Intel VTune
The Intel VTune™ Amplifier can be used to identify and analyse various aspects in both serial and parallel programs and can be used for both OpenMP and MPI applications. It can be used with a command line interface (CLI) or a graphical user interface (GUI).
Using the Graphical User Interface (GUI)
The graphical interface of the Intel VTune Amplifier XE can usually be started by using the command amplxe-gui
. The following analysis categories are available:
Hotspots
Information on what parts of the code take up most of the runtime and how they may be optimized
- Hotspots
- Memory Access
Microarchitecture
Information on how efficiently the code utilizes the underlying hardware
- Microarchitecture Exploration
- Memory Access
Parallelism
Information on how efficient the parallelization of the code is
- Threading
- HPC Performance Characterization
The following steps lead to a basic optimization of the code. Note that this is only a general approach and that a custom analysis may be more helpful depending on the application.
Step 1: Find the Hotspots
Click on Configure Analysis and select the Hotspot Analysis (usually selected by default). Configure the analysis by specifying a script or executable and setting necessary parameters and environment variables. Click the start button to start the analysis. Try to keep the amount of other software running on the same machine to a minimum to achieve accurate and reproducable results. Once the analysis has finished, the Summary window should open automatically and the results must be interpreted.

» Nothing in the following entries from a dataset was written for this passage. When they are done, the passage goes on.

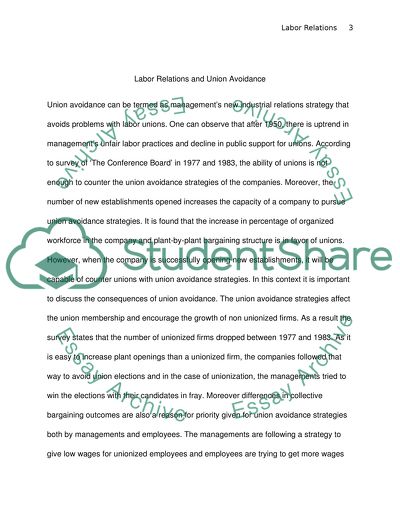 Labor Relations and Union Avoidance
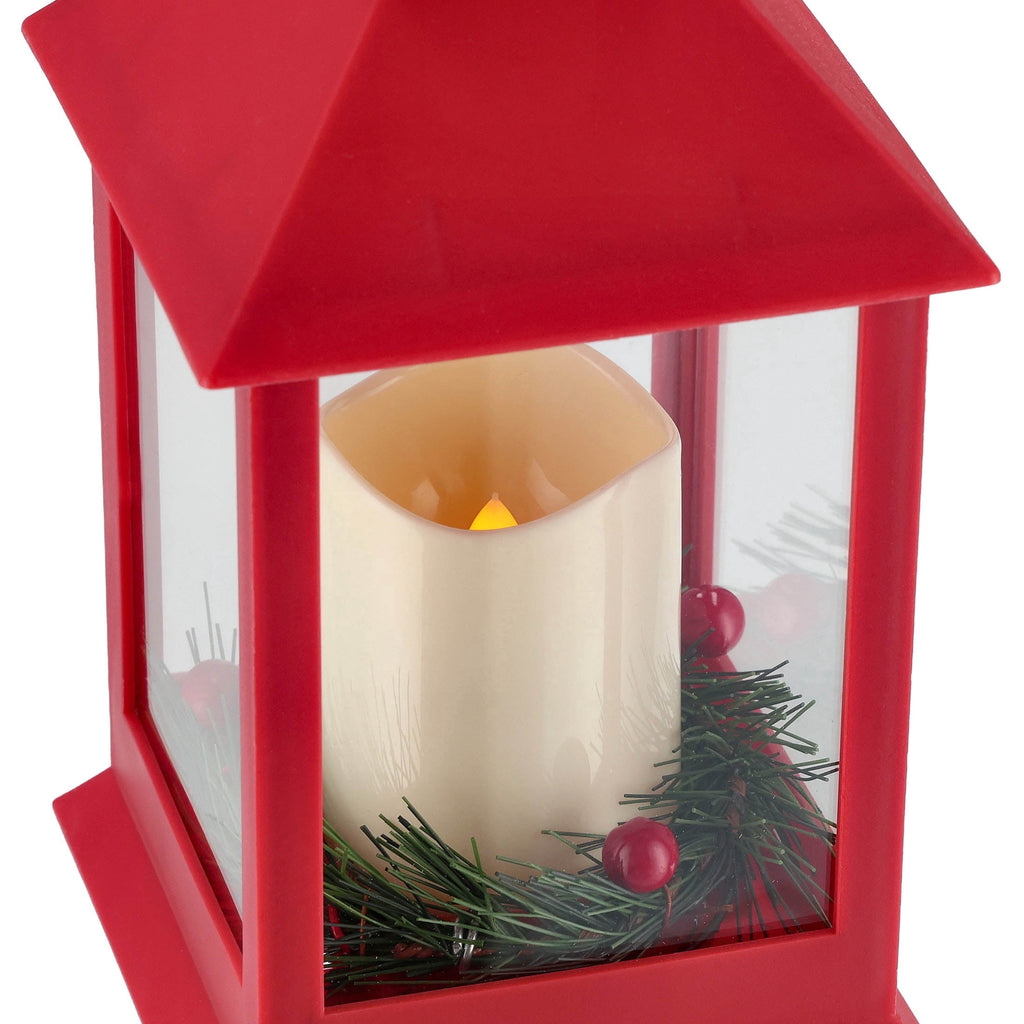 LED Pillar Candle Lantern Christmas Decoration, Red, 9", by Holiday Time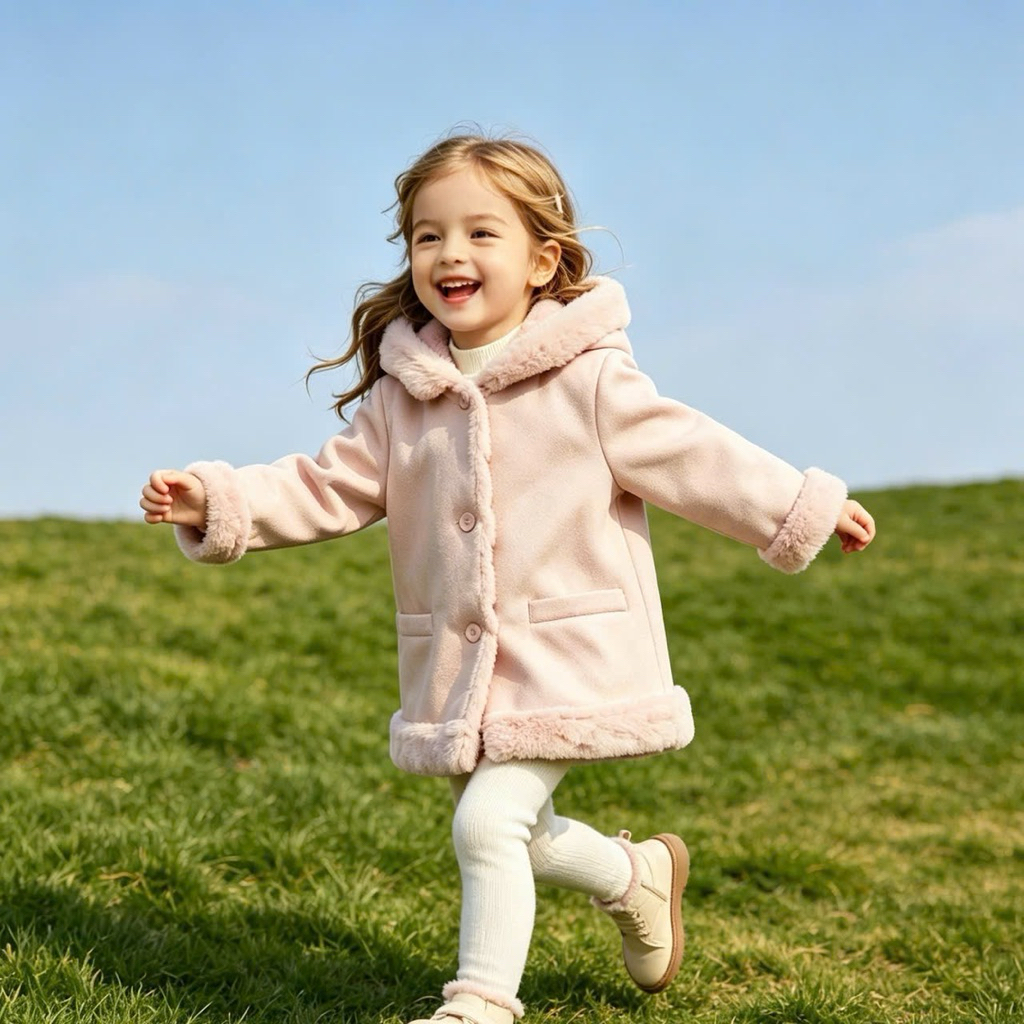 Áo khoác bé gái xuất dư C6702 lót lông hồng baby siêu xinh size 9m-5y (7-17kg) ấm mềm mùa đông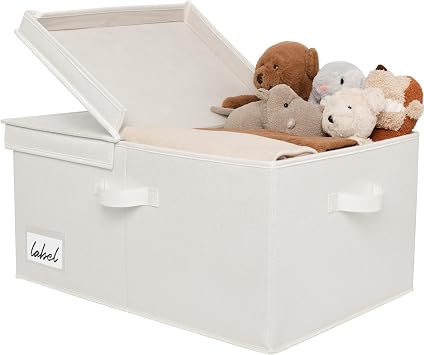 GRANNY SAYS Aufbewahrungsbox mit Deckel, Stoffkorb Aufbewahrung mit Deckel, Faltbare Aufbewahrungsbox Stoff, Aufbewahrungskörbe mit Deckel für Kleidung Spielzeug - Extra Groß, Perlweiß, 1 Stück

The Elapsed Time shows the total runtime of the application including idle times while CPU Time is the sum of the CPU times of all threads. The Paused time is the total time the application was paused using the GUI, CLI commands or user API. The Top Hotspots section shows the most time-consuming functions sorted by CPU time. Below these one can find a histogram displaying the effective CPU Utilization of the application.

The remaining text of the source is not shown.